Riappropriarsi della democrazia

Condividi su...

Come si riconquista la democrazia? Sembra rispondere a questa domanda il breve e denso saggio del Segretario del Pontificio Consiglio della Giustizia e della Pace intitolato «Riappropriarsi della democrazia». Un modo di rispondere ad un’urgenza storica ineludibile. E all’invito che Papa  Francesco ripete spesso come  il 28 ottobre scorso ai nuovi movimenti popolari e il 25 novembre al Parlamento europeo: rivitalizzare quella forma di governo e di vita politica che molti popoli hanno scelto come propria ma che attualmente appare svigorita e omologata su schemi culturali che ne uccidono l’anima.

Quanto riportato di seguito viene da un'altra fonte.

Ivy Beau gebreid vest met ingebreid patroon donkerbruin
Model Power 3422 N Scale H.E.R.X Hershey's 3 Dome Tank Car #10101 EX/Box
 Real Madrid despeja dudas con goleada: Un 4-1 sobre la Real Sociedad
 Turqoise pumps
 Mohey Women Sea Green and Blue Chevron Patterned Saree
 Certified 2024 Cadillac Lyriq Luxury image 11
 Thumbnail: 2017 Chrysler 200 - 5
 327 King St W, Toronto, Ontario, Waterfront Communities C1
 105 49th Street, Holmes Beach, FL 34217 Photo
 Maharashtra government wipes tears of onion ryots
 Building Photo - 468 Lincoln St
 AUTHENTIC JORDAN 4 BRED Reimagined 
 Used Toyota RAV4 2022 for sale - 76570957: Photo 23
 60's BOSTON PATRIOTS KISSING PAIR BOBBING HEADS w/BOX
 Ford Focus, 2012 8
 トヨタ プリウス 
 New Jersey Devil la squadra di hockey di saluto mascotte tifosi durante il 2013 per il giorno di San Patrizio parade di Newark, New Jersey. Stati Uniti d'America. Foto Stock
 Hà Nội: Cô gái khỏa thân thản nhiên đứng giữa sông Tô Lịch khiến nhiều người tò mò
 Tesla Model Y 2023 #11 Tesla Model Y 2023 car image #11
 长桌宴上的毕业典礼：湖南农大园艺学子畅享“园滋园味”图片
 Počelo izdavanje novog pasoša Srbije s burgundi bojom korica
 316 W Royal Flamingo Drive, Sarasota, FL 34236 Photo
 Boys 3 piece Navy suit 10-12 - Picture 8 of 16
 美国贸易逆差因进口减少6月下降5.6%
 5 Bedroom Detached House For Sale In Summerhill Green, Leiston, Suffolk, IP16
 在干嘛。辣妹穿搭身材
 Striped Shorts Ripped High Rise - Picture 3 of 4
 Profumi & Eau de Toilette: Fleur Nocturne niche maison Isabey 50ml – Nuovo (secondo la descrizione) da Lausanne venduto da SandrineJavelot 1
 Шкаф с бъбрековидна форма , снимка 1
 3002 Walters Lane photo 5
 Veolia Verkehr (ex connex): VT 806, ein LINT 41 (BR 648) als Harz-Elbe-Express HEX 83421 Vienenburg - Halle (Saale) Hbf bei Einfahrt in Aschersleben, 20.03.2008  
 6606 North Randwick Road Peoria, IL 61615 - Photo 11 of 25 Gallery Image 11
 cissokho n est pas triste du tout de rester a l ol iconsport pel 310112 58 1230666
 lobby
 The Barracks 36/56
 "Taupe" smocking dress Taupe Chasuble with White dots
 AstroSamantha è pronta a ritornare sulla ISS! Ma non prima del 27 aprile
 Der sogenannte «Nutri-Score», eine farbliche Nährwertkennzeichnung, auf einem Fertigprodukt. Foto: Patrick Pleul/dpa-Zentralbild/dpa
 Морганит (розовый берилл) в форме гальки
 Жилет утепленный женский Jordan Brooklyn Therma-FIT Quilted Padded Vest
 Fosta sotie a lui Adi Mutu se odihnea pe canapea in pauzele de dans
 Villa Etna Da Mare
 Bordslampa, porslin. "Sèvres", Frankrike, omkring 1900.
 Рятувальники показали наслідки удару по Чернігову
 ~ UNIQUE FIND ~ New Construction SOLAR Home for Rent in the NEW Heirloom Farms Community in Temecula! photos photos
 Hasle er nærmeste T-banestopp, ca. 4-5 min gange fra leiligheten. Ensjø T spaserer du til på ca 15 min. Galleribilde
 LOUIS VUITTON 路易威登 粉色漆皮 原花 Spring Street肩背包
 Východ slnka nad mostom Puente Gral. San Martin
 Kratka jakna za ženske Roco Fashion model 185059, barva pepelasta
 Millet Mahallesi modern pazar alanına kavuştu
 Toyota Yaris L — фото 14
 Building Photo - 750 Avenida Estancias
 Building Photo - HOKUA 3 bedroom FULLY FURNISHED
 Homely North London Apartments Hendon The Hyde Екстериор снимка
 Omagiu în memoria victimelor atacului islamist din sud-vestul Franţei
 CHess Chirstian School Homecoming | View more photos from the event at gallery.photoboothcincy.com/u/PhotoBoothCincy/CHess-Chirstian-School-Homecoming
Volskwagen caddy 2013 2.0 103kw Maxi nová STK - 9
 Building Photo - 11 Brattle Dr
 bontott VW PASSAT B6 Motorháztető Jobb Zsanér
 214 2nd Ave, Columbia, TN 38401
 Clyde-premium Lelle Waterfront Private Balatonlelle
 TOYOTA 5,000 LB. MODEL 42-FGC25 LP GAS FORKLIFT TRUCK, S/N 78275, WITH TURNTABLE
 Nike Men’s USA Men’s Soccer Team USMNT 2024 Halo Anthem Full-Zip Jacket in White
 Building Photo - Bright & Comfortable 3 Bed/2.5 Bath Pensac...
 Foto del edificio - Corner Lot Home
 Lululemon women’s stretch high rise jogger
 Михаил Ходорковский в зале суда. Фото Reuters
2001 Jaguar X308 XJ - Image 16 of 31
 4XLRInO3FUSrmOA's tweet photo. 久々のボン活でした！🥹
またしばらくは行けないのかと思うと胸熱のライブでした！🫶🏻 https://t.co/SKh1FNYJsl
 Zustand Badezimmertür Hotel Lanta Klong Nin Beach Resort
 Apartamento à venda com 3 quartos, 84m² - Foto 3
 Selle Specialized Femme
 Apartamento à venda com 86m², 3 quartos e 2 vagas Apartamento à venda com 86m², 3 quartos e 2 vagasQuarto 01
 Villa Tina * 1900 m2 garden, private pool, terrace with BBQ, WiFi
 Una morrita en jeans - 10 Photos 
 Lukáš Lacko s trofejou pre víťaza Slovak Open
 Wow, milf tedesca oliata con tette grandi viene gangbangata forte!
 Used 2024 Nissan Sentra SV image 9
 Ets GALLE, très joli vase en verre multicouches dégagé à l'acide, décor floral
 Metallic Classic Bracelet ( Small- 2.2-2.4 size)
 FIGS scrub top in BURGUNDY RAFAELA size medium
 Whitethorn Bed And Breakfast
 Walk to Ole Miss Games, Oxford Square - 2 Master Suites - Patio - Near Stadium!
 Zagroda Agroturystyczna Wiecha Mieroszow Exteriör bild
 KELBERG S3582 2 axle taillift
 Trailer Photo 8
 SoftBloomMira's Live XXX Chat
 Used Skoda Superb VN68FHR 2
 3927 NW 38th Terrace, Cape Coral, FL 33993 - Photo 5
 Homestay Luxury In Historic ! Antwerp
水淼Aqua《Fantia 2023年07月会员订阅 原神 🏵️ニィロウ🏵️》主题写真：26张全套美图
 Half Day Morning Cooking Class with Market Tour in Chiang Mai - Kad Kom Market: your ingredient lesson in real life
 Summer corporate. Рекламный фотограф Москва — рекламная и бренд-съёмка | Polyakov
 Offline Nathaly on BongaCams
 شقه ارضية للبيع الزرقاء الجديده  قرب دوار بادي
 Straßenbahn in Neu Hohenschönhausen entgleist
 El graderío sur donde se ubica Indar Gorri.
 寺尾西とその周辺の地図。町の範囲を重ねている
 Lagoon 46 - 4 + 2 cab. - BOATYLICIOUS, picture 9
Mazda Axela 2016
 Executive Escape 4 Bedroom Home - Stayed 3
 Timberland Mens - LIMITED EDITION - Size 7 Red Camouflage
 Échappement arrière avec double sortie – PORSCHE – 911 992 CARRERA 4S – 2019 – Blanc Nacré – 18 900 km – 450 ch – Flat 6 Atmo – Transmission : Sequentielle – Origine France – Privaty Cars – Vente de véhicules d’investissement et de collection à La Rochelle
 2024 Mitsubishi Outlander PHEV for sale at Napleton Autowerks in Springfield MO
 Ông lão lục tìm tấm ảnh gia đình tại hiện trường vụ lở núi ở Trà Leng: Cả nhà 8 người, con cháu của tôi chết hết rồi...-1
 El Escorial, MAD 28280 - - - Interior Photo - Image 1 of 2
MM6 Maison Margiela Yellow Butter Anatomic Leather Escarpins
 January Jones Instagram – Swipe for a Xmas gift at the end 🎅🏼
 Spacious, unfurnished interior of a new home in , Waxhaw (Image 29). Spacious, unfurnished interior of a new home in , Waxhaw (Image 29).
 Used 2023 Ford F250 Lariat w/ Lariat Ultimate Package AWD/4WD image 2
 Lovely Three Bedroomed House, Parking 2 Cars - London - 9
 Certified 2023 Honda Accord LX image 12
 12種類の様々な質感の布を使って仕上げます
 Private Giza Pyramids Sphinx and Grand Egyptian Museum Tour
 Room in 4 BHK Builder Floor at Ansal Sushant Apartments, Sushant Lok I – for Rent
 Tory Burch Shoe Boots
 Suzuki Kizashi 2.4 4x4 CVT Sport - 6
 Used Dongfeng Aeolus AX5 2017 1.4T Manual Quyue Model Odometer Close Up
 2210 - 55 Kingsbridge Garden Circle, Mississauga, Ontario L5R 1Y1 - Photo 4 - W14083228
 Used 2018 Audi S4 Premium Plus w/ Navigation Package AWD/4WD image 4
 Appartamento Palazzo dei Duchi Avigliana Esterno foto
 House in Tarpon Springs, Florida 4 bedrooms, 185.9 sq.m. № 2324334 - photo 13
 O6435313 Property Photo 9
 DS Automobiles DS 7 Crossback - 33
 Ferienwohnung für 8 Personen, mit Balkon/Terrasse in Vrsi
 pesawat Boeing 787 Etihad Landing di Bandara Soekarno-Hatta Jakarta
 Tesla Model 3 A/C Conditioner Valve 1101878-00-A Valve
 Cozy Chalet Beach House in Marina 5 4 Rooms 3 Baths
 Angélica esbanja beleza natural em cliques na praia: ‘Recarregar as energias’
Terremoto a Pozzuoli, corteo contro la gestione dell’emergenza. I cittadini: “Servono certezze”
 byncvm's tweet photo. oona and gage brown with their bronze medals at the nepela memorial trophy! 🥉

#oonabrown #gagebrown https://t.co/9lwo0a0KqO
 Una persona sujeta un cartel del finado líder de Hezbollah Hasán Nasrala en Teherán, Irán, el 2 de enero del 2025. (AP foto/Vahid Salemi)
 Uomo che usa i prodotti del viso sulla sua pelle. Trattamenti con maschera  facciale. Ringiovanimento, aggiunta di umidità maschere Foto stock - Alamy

Non si tratta, allora, di «riappropriarsi» della democrazia, così come oggi si presenta, ossia in preda a populismi, oligarchismi e paternalismi, che in definitiva espropriano i cittadini della loro «sovranità». Si tratta, invece, di recuperarne il progetto originario, maturato nel tempo, attraverso riforme profonde dello Stato assoluto e liberal-borghese, per approdare allo Stato di diritto, sociale e democratico, di comunione e di partecipazione. Al centro dei processi politici deve stare il popolo, considerato soprattutto come un «noi-unione morale» di cittadini liberi, responsabili della gestione della res pubblica, attraverso rappresentanti e protagonismo civile. Occorre, dunque, vivere la dimensione antropologica, relazionale ed etica della democrazia: quell’ideale storico concreto che la concepisce in senso personalista e comunitario, aperto alla trascendenza, e che implica l’inclusione dei nuovi poveri, dei lavoratori invisibili, paradossalmente senza diritti, nonché dei nuovi movimenti che riuniscono gli emigrati, i senza casa, lavoro e terra. Le vie di realizzazione di una «democrazia ad alta intensità», imperniata sulla dignità e sulla trascendenza della persona, sono molteplici: l’abbattimento delle cause strutturali della povertà, l’offerta a tutti dell’istruzione, del lavoro, della sicurezza sanitaria, della casa, un’economia e mercati inclusivi, la cura dei beni collettivi, la riforma dei partiti, dei sindacati e delle istituzioni pubbliche, che alcuni studiosi, tra cui Colin Crouch e Ralf Dahrendorf,  non hanno esitato a definire post-democratiche. Solo così si possono abbattere quel neoindividualismo libertario e quella cultura dell’indifferenza e dello scarto che come tarli voraci svuotano il grande albero della democrazia sociale, partecipativa ed inclusiva.

M. TOSO, Riappropriarsi della Democrazia, Libreria Editrice Vaticana, Città del Vaticano 2014, pp. 63.